▽

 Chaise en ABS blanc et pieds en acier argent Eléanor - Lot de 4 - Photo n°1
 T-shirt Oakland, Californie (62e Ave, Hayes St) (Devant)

△
▽

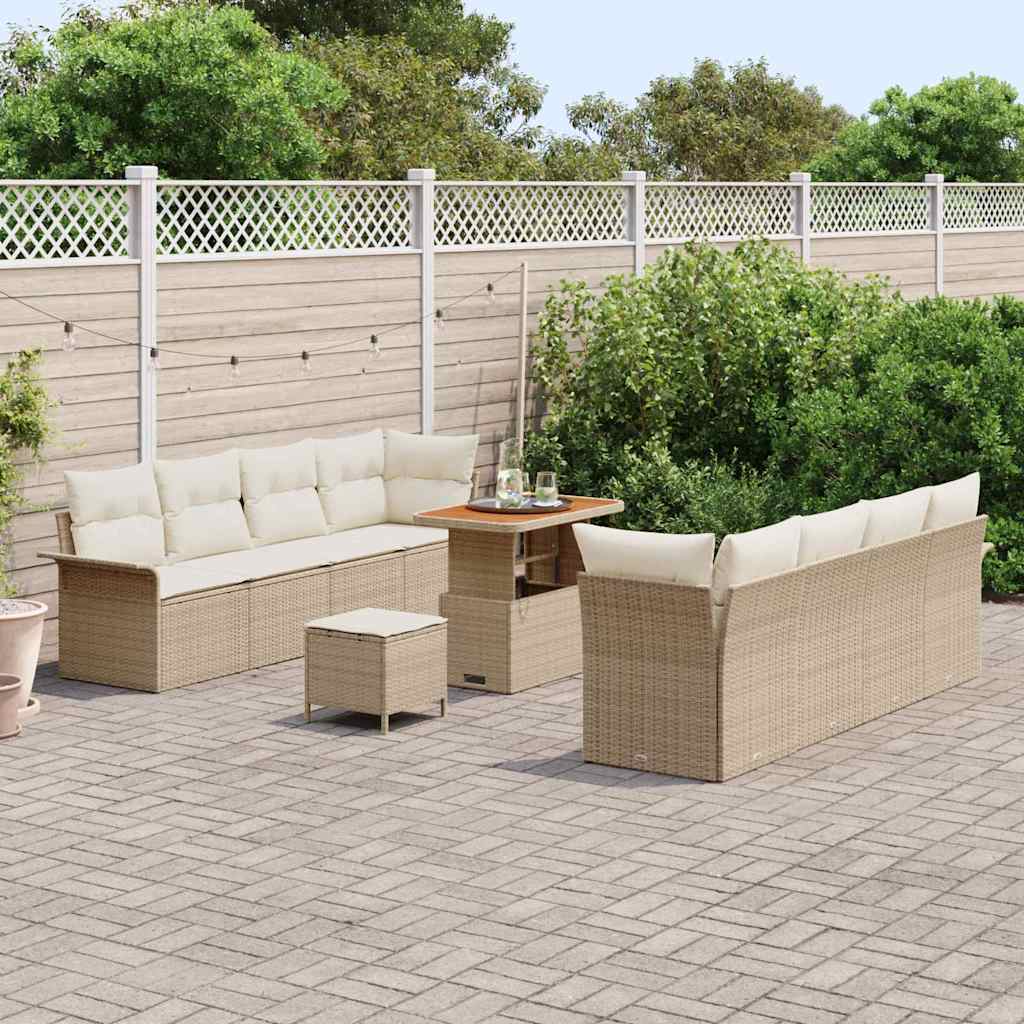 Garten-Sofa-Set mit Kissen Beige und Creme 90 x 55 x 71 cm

△

### Exercise details
Look above for the line holding "Chaise en ABS". Print it and every line after it, exactly, through the line holding "T-shirt Oakland, Californie".

### Result of the task
 Chaise en ABS blanc et pieds en acier argent Eléanor - Lot de 4 - Photo n°1
 T-shirt Oakland, Californie (62e Ave, Hayes St) (Devant)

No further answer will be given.